In this case, how do we build our products dimension that we just built? What are the steps went through? If we come back to the stage table, we want to see any transforms that were applied to the data. We might even want to dive into the actual code and see the code that was generated in this case for SQL Server. It's SQL Server code templates that we've used. If this was Snowflake, if this was Redshift, if this was Azure, we would see the code that is specific to those different platforms. Okay, so that is a very brief demonstration of how we would import the tables managed by HVR into Where Escape and then how we could use that to then build out business processing, the denormalization, the derivation, perhaps the data cleanup that's required as we build out the business layer of a data warehouse. 

Building a Data Warehouse

Thanks, Doug. I think, in summary, having the two HVR and where escape are both comprehensive and efficient as we build out a data warehouse, first and foremost a streamlined approach for not only delivering the data, but then modeling it. In a way that makes sense for the data warehouse and taking into account all the different features and functions that went through, starting with your initial loads and creating all the target structures leveraging that in conjunction with the Change data capture to create your target from a live source and then getting into really being able to leverage the WhereScape to quickly design, develop, deploy and operate into that data warehousing within days rather than weeks or months. Then, of course, once this is all in place, leveraging the right monitoring and documentation to make sure everything is working properly. The couple of things that we did not discuss but are available in HVR is really just leveraging your performance statistics as you're moving this data into your target system. 

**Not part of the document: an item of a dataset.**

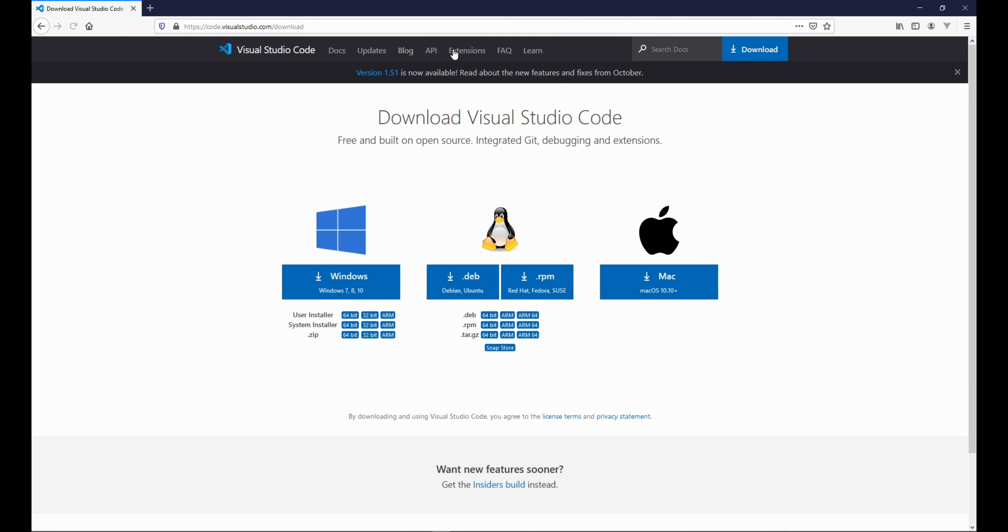Then this window will be shown to you. I'm using Windows so I'm going to click Windows. If you're using Linux click this one, and if you're using Mac click the Mac one. So let's click Windows.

We'll overlay your latency or report on your latency, both from a capture and delivery perspective, and then overlay that on top of other performance metrics broken down by how many inserts up the delete flowing through the system, but more importantly, taking it one step further into breaking it down per table. Now I can see if my latency does tend to climb or seem to climb on my target system to about ten minutes. I can quickly identify who the culprit is. Essentially, if I'm operating a large batch operation or an update to one particular table, I can see that in real time. Now with the beauty of HVR's architecture, we can capture one's, deliver many. I can separate that table out into a separate delivery process so that it wouldn't affect other tables involved in replication. This is really important when leveraging a data warehouse like Snowflake or Redshift or any data warehouse that is not designed for OLTP like a SQL Server oracle. 

Right? Having that distributed architecture that went over allows us to support multiple topologies like a capture once, deliver many. Having one capture process reading from the source, but delivering that data into multiple threads on the target so that you can get that data in a timely manner.